The relationship between NLP and RecSys

Over the past decade, proposed approaches based on NLP research, such as Word2Vec, GRU, and Attention for RecSys, have gained popularity with RecSys researchers and industry practitioners. This phenomena is especially noticeable for sequential and session-based recommendation where the sequential processing of user interactions is analogous to the language modeling (LM) task. Many key RecSys architectures have been adopted based on NLP research such as GRU4Rec. GRU4Rec is the seminal recurrent neural network (RNN) based architecture for session-based recommendation.

Transformer architectures have become the dominant technique over convolutional neural networks (CNNs) and recurrent neural networks (RNNs) for language modeling tasks. Because of their efficient parallel training, these architectures can scale training data and model sizes.

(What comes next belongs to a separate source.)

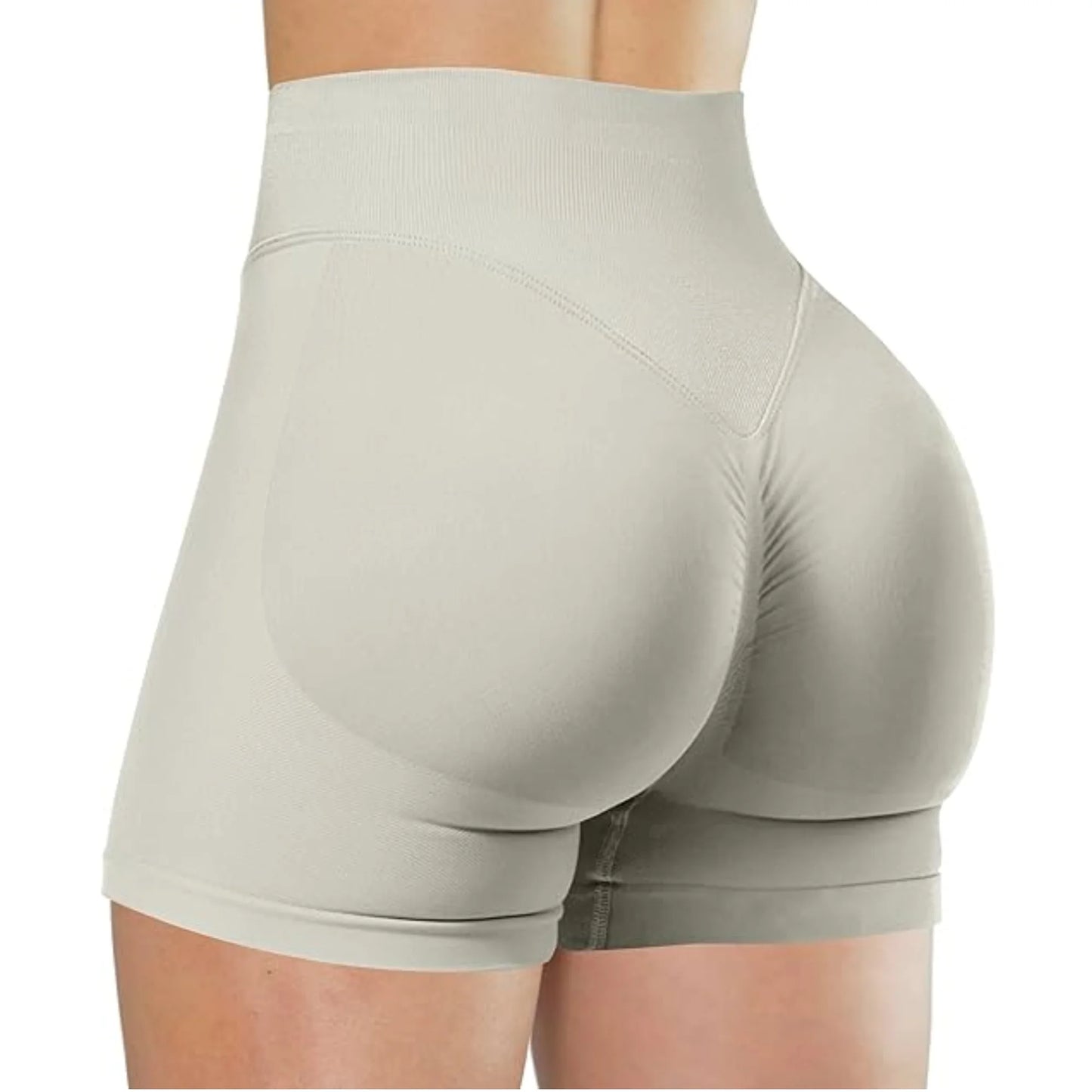 Short Feminino – Conforto e Estilo para o Verão 2025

Transformer architectures are also effective at modeling long-range sequences.

Transformers have also been applied to sequential recommendation in architectures such as SASRec, BERT4Rec, and BST. These architectures can provide higher accuracy than CNN and RNN-based architectures. For more information, see our ACM RecSys 2021 paper. For more information about the evolution of Transformer architectures and bridging the gap between NLP and sequential and session-based recommendation, see our Transformers4Rec: Bridging the Gap between NLP and Sequential / Session-Based Recommendation paper.

A timeline illustrating the influence of NLP research in Recommender Systems

A timeline illustrating the influence of NLP research in Recommender Systems, from the Transformers4Rec paper

Integration with HuggingFace Transformers

Transformers4Rec integrates with the HuggingFace (HF) Transformers library, allowing RecSys researchers and practitioners to easily experiment with the latest and state-of-the-art NLP Transformer architectures for sequential and session-based recommendation tasks and deploy those models into production.

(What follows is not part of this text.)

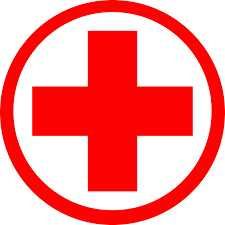 Услуги медсестры вывод из запоя , уколы , сиситемы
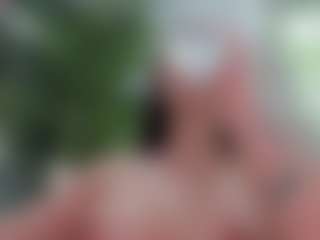 LexiStorm's Live Sex Cam Show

The HF Transformers was “established with the goal of opening up advancements in NLP to the wider machine learning community”. It has become very popular among NLP researchers and practitioners (more than 900 contributors), providing standardized implementations of the state-of-the-art Transformer architectures (more than 68 and counting) produced by the research community, often within days or weeks of their publication.

HF Transformers is designed for both research and production. Models are composed of three building blocks:

  • A tokenizer that converts raw text to sparse index encodings.

  • A Transformer architecture.

  • A head for NLP tasks such as text classification, generation, sentiment analysis, translation, summarization, among others.

Transformers4Rec leverages the Transformer architectures building block and configuration classes from Hugging Face. Transformers4Rec provides additional blocks that are necessary for recommendation, such as input features normalization and aggregation, and heads for recommendation and sequence classification and prediction. The library also extends the Trainer class to allow for the evaluation with RecSys metrics.